Since the beginning of time, waffles have been one of the most popular breakfast foods in the world. The history of waffles is a long one, filled with drama and adventure. Here are the 13 greatest moments in waffle history.

1) 150 Million B.C.: The world’s first waffle blinks into existence out of nowhere, hovers in midair for 10 seconds, and then vanishes into thin air

The world’s first known waffle appeared hundreds of millions of years ago, during the Late Jurassic Period, when dinosaurs ruled the Earth. One afternoon, a medium-sized Belgian waffle suddenly materialized out of thin air about four feet off the ground and hovered there silently for about 10 seconds before abruptly vanishing forever. The only living creature to see the world’s first waffle was a passing stegosaurus, who stared at the floating waffle until it disappeared. While the ancient reptile probably didn’t understand what he was looking at, he is nevertheless the first living creature in the history of our planet to see a waffle, and for that he must be celebrated. It would be countless eons before another waffle would appear on Earth, but this one was the first, and for that it will forever hold a hallowed place in waffle history.

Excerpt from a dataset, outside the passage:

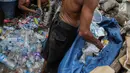 Warga memilah sampah plastik di permukiman liar di kawasan Bypass, Pramuka, Jakarta Timur, Rabu (21/2). Penertiban pemulung yang menduduki lokasi tersebut tak juga dilakukan. (Liputan6.com/Faizal Fanani)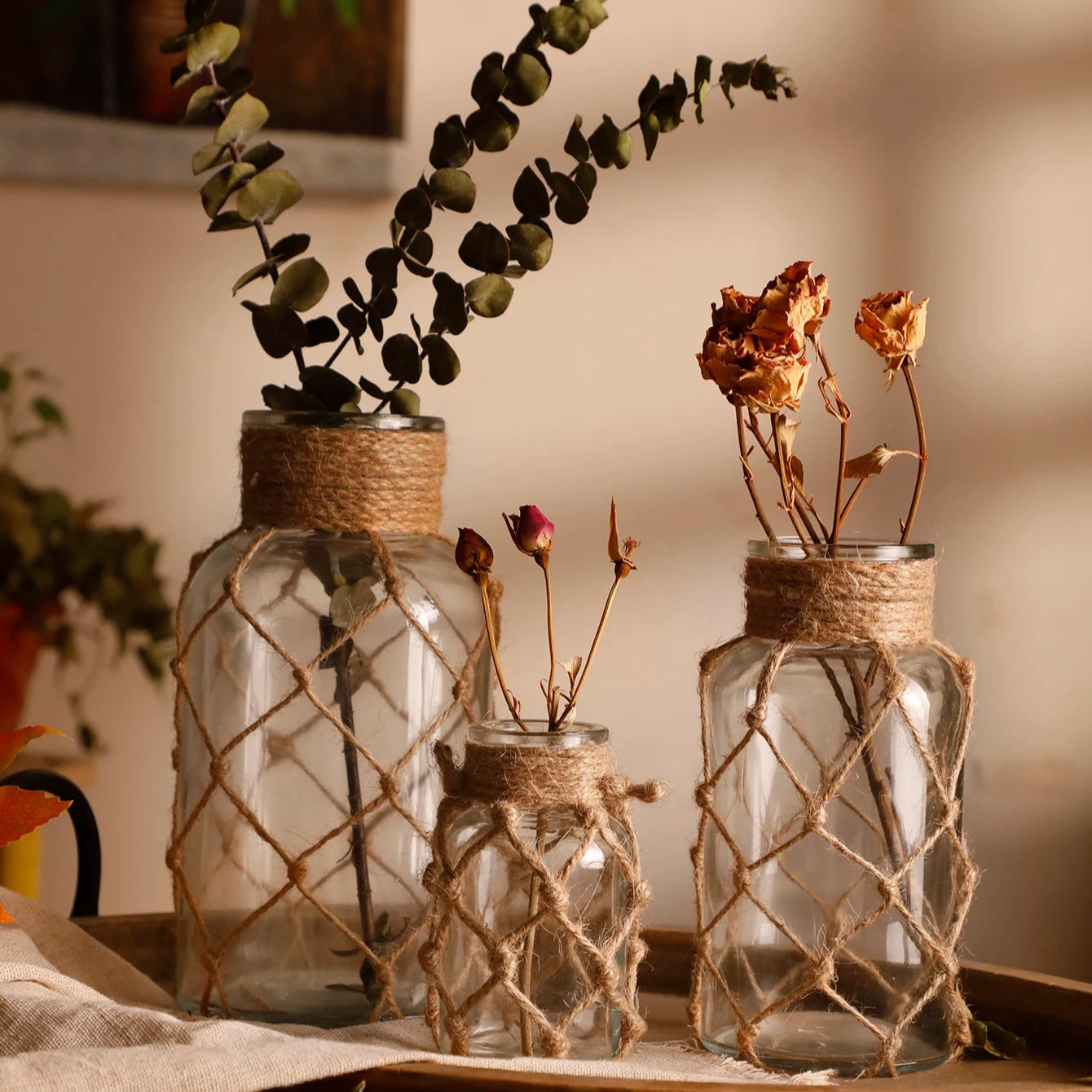 Three glass jars with textured surfaces and twine accents on a wooden surface.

2) 339 B.C.: Aristotle discovers that more than one waffle can exist at a time

In the ancient world, it was long believed that only a single waffle could exist at any given time. If you wanted to make a waffle but there was already a waffle that existed somewhere else, you had to wait for someone to eat that first waffle before you could make any additional waffles. This all changed thanks to Aristotle and his bold, unconventional way of thinking about waffles. Aristotle hypothesized that if there was already a waffle somewhere in the world, you could potentially cook a second waffle, thereby creating a world with multiple waffles. Aristotle proved this revolutionary theory by cooking two waffles and slapping them together like cymbals. Thanks to the Aristotelian Principle Of Multiple Waffles, we now know that as many as 600 waffles can exist in the world at any given time.

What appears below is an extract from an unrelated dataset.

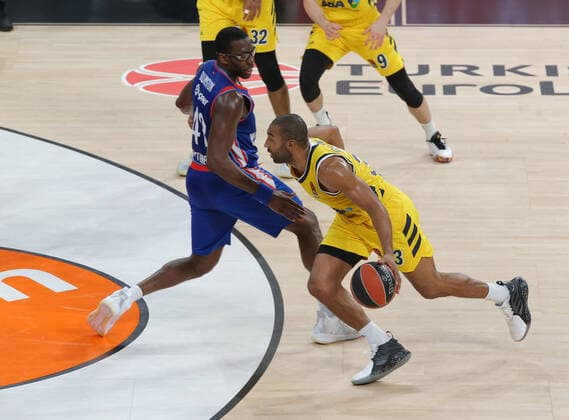 Bryant Dunston of Anadolu Efes and Jason Granger (33) of Alba Berlin during the Turksih Airlines Euroleague Basketball match between Anadolu Efes and Alba Berlin at Sinan Erdem Arena in Istanbul , Turkey on January 12 , 2021.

3) 206 B.C.: The Qin Dynasty completes the Great Wall Of China to protect the kingdom’s world-famous dog-shaped waffle

In the early days of the Qin Dynasty, Emperor Qin Shihuang sat down to breakfast and was served something incredible: a waffle that looked a lot like a dog. Instead of eating this miraculous waffle, the Emperor used a string to hang it from the ceiling above his royal bed so that he could look at it while he was falling asleep. News of China’s dog-shaped waffle spread quickly throughout the continent, and rival states such as the Mongols and Huns began mounting full-scale, horrifically violent invasions of China in an attempt to see the waffle. In a famous speech delivered to his men before battle, Attila The Hun was quoted as saying, “We don’t want to steal the dog-shaped waffle. We just want to see the dog-shaped waffle. There is nobody we won’t kill for a chance to look at the weird waffle.” In order to keep their dog-shaped waffle safe from the invaders, the Qin constructed the Great Wall Of China, one of the most astounding feats of architecture in human history. The impressive wall kept China’s dog-shaped waffle safe, and it remains one of the largest structures ever built exclusively for protecting a single waffle. The construction of the Great Wall Of China remains a watershed moment in waffle history.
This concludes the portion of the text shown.